## TASK ITEM
Everything from the line with "Koi dumbo sb" to the last line of the listing must be retyped exactly, both ends included, with the pictures dropped.

## GIVEN MATERIAL
BEGIN
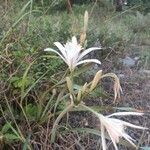 Pancratium maritimumKwiat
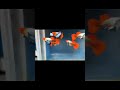 Koi dumbo sb #usa #uk #europe #china #taiwan #brazil #peru #canada #mexico #animals #fish #india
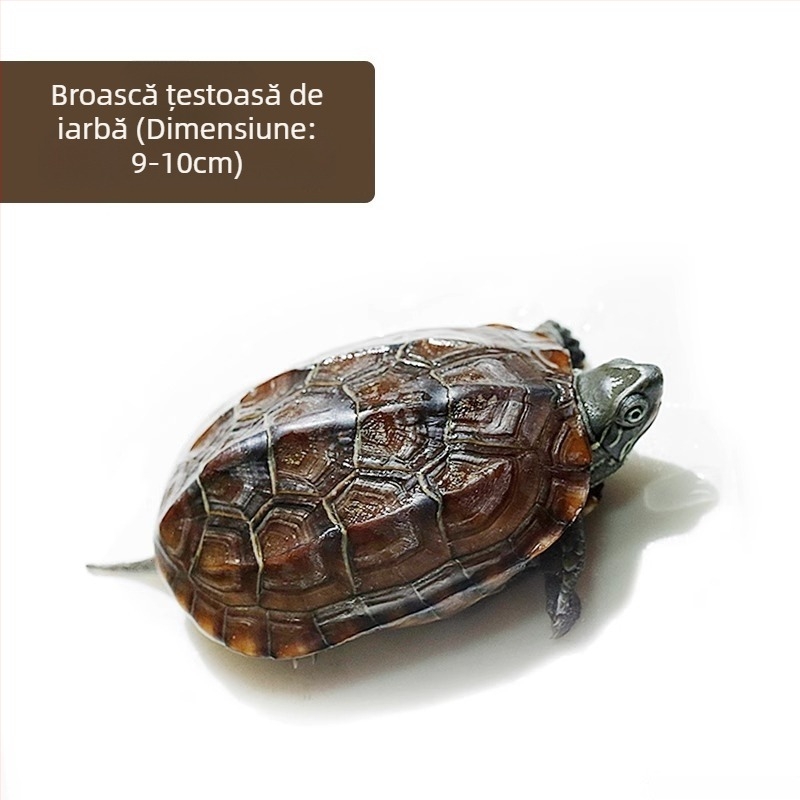 Țestoasă chineză, decorativă tânără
END
## EXERCISE RESULT
 Koi dumbo sb #usa #uk #europe #china #taiwan #brazil #peru #canada #mexico #animals #fish #india
 Țestoasă chineză, decorativă tânără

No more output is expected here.